Do you ever wonder how the minimum wage slaves at your favorite big box retailer remain so peppy despite the less than desirable working conditions they face? Let me let you in on a little secret. They’re playing games at your expense. It’s true! Allow me to illustrate.
One of my personal favorites is the Hitler Point. Picture an unsuspecting customer walking up to a bored sales associate and asking where something is located. Instead of pointing like a normal human being, I like to give a point that resembles the “Hail Hitler” salute. You know, all four phalanges close together, arm extended high into the air. One of those. I get the strangest looks, but no one ever asks me if I’m a Nazi.
An old co-worker of mine decided to emulate a character from the cult classic, Super Troopers. His job is to greet customers when they enter and exit the store. As I’m sure you can imagine, this is one of the most boring jobs anyone could have. When customers exit, he makes it a point to say, “Thanks meow!” causing the customer to do a double take. Sometimes he would say, “Hi folks!” but used such an odd accent it sounded a lot like, “Hi fucks!” You can almost hear them thinking, “Did that really just happen?” Yes. Yes it did.
Another age old favorite takes a truly talented individual. If executed improperly, this WILL backfire and your fun filled work day will end in an uncomfortable conversation with that one manager who no doubt has no sense of humor. Try answering all of their questions with a question. This has brought great amusement to me throughout the years. Luckily, people look at me and think I’m a nice person so they don’t complain. WRONG.
Customer: “So what’s the best TV?”
Me: “Hm. That’s a good question. Which one do you think?”
Customer: “Well I’ve heard the Samsung. Should I be thinking about adding additional speakers?”
Me: “Do you think you need speakers?”
Customer: “Yes. Let’s go ahead and add speakers. You’re great!”
It’s very difficult to accomplish without cracking a few smiles. If you approach it correctly, the customer will be none the wiser that you’re using them for your own amusement. In most cases, after the interaction they actually ask to speak to a manager to tell them how amazing I was. I wish I was making this up.
Have you ever had an associate help you find a product and you get an unsolicited grand tour of the store because that moron had no idea where the product was in the first place?
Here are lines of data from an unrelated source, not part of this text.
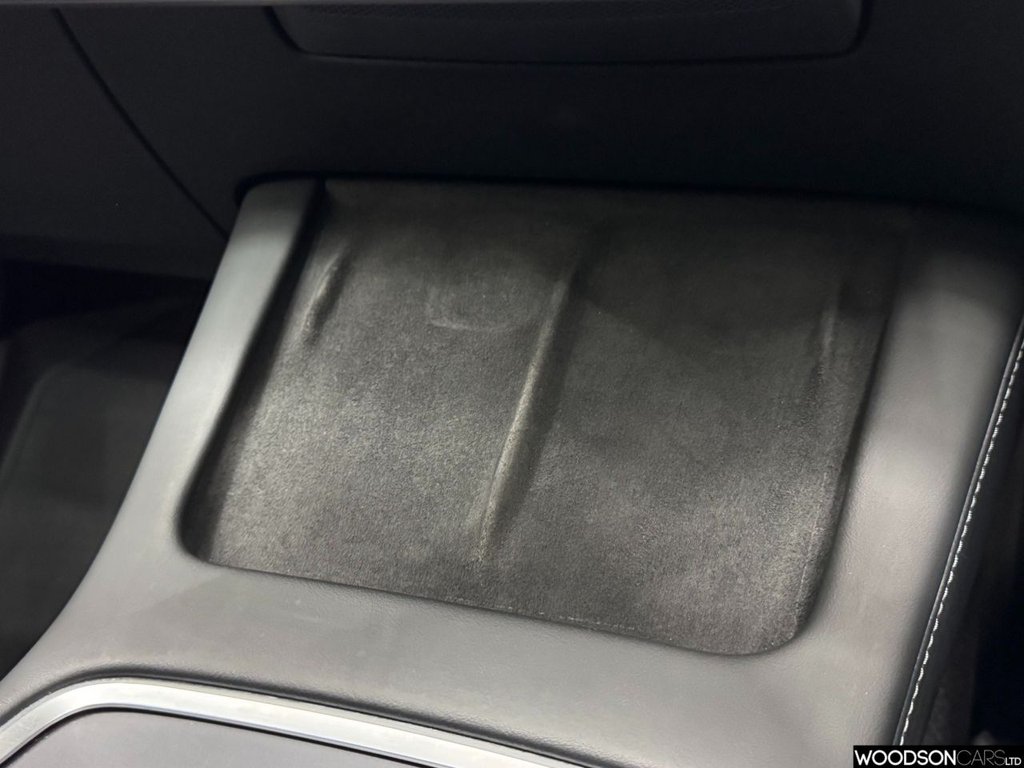 Used Tesla Model 3 2021 for sale - 77089274: Photo 26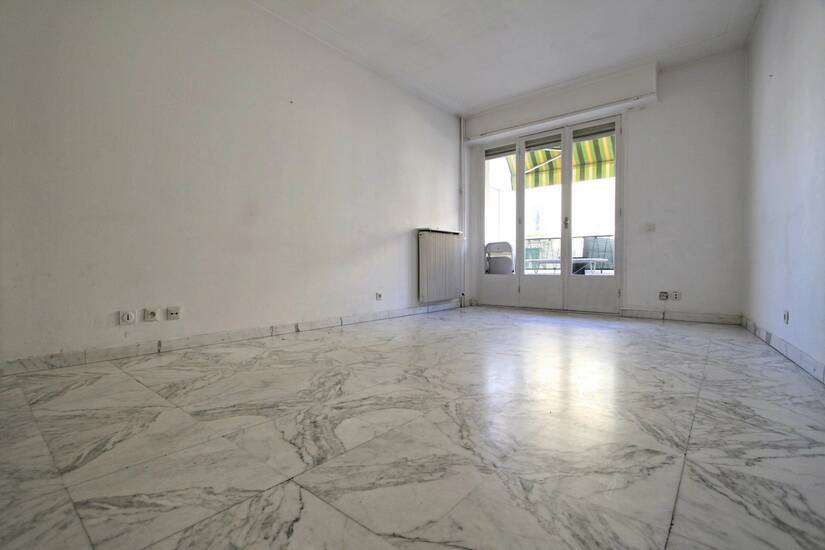 Winter Immobilier - Appartement - Nice - Fleurs Gambetta - Nice - 916a145b23df224ec417846102bf8a88_b64dfa500a_1920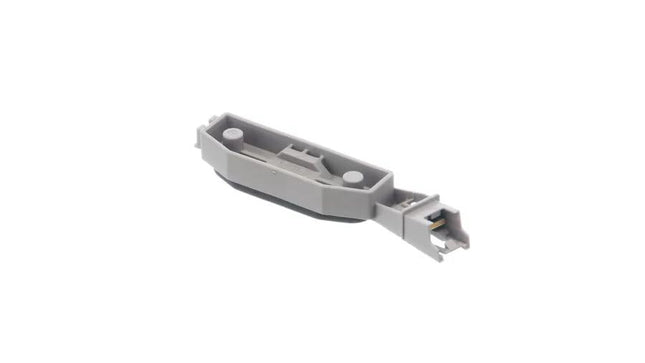 Bosch Door Switch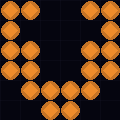 79.97.115.47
Yeah, that was intentional. I frequently see how long it takes a customer to get annoyed with me while showing them a product. It makes the days go by quicker.
Lastly, beware when you hear those seemingly nice associates page odd things over their radios. Like, “Code Pineapple” or “Code Orange.” These are not terrorist threat levels or anything serious. These are either stalking out hot customers or, more likely, stalking out some customer that needs to be made fun of immediately. Mullets, front butts, trashy folks, you name it. We are judgemental little bastards. But hey, you asshole customers and (some - not all) shitty bosses made us this way!